* [Exercise materials]:
* * * * * * *

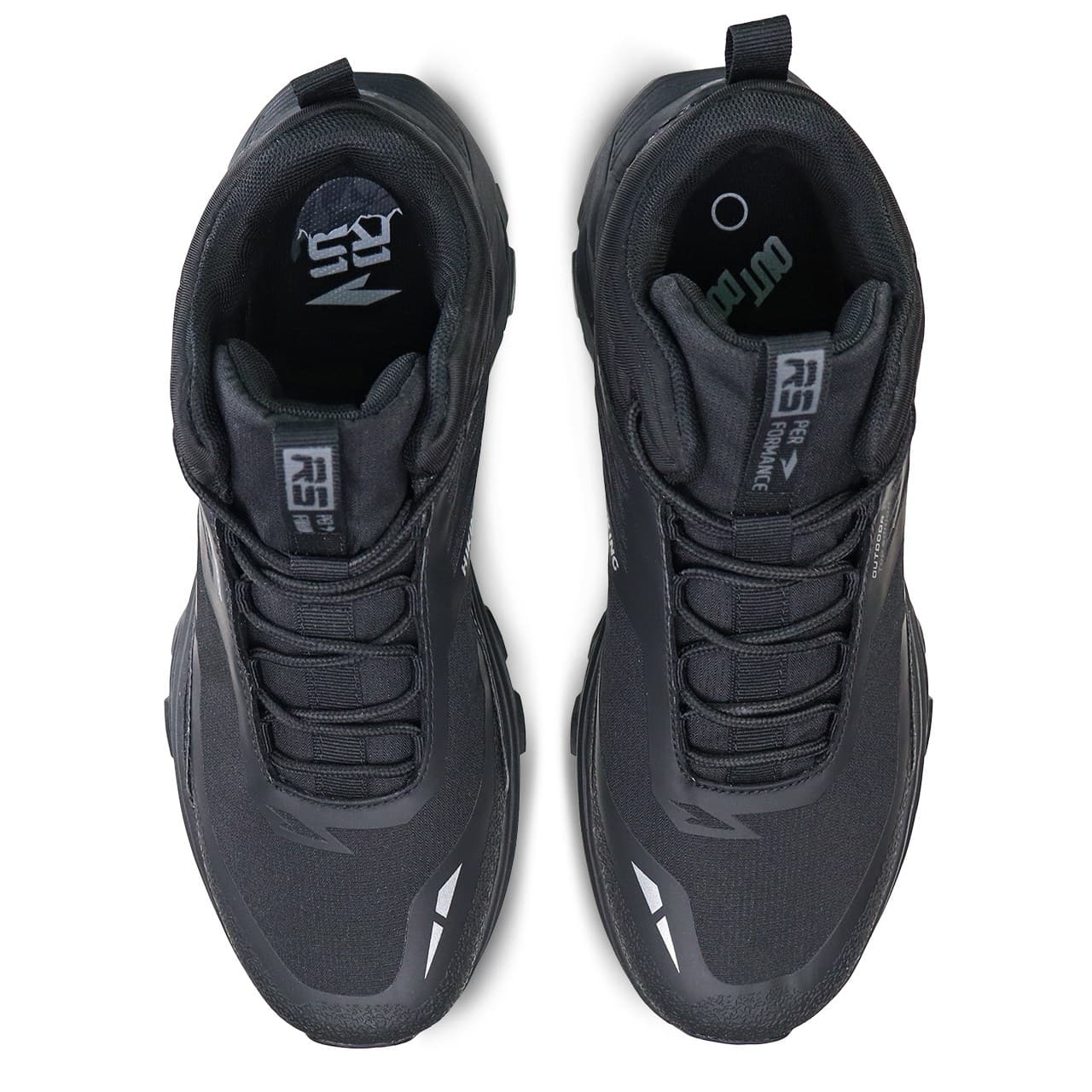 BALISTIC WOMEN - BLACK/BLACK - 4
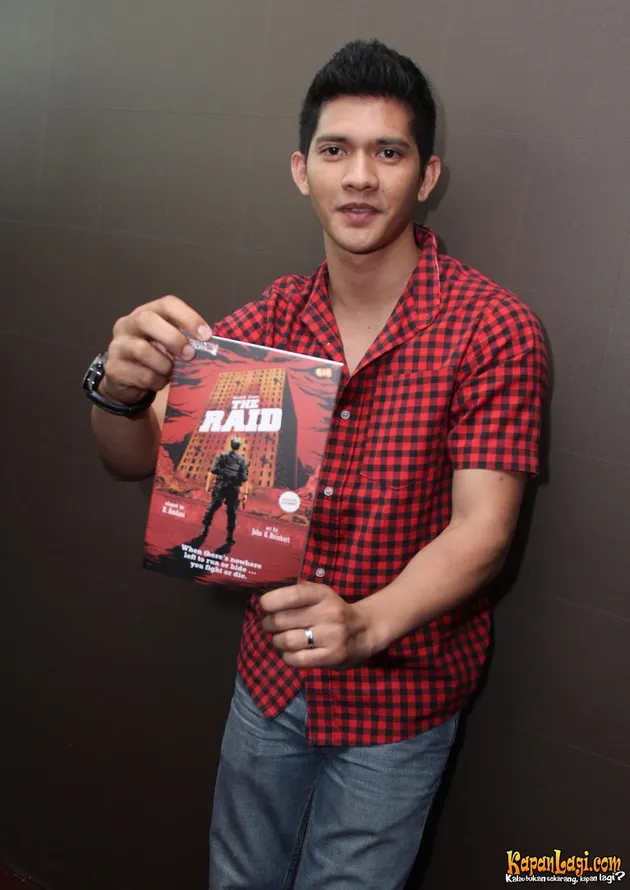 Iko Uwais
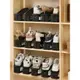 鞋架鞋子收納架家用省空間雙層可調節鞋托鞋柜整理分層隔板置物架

* * * * * * *

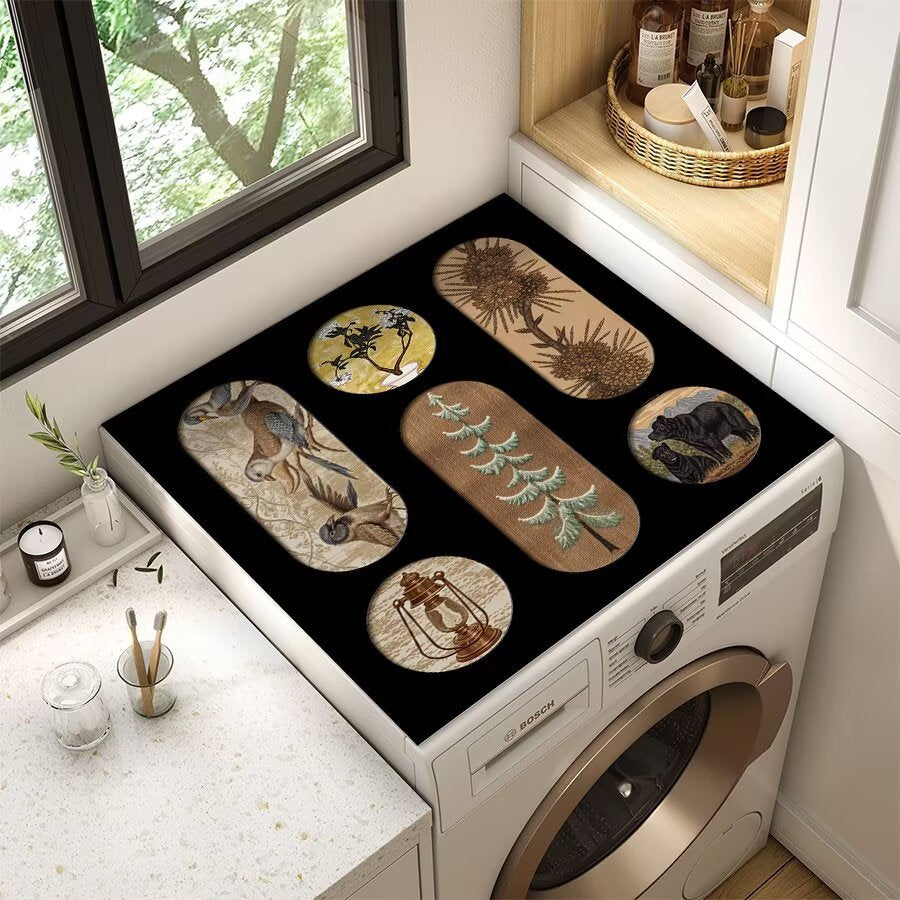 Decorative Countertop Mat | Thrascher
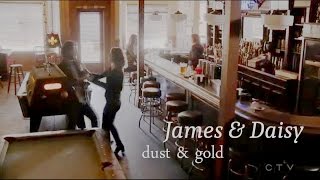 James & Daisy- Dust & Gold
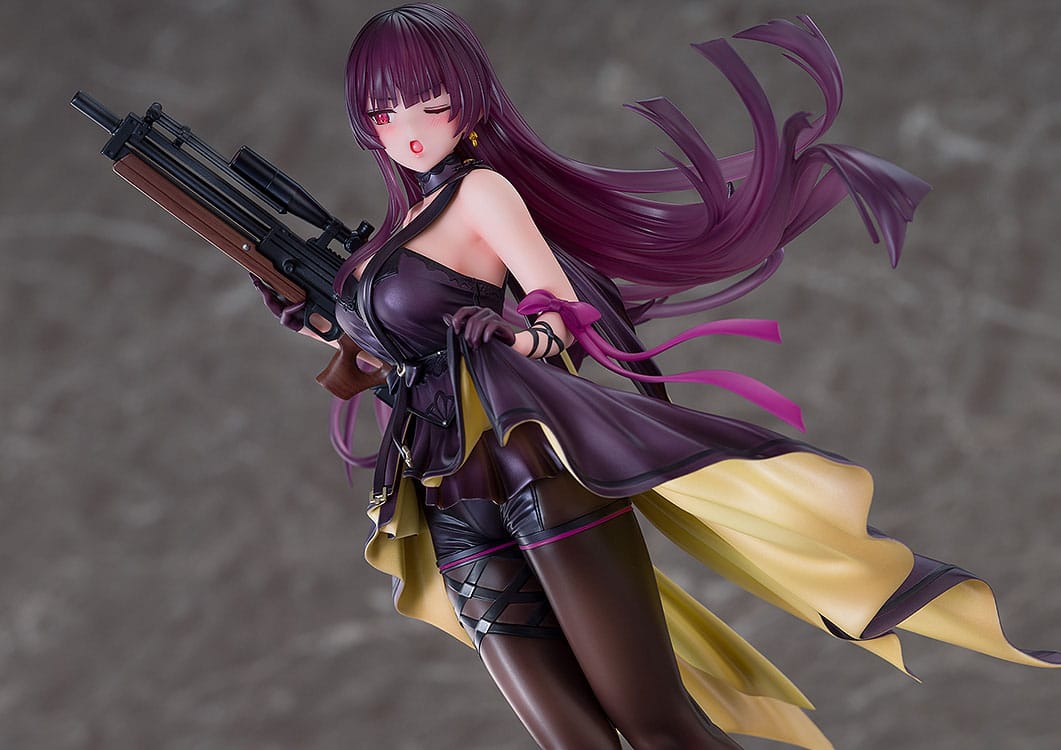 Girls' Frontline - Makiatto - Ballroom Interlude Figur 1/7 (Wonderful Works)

* * * * * * *

* [About this exercise]:
Return the material from the line containing "Decorative Countertop Mat | Thrascher" through the line containing "Girls' Frontline - Makiatto", exactly and in full, but without its pictures.

* [Response to the exercise]:
 Decorative Countertop Mat | Thrascher
 James & Daisy- Dust & Gold
 Girls' Frontline - Makiatto - Ballroom Interlude Figur 1/7 (Wonderful Works)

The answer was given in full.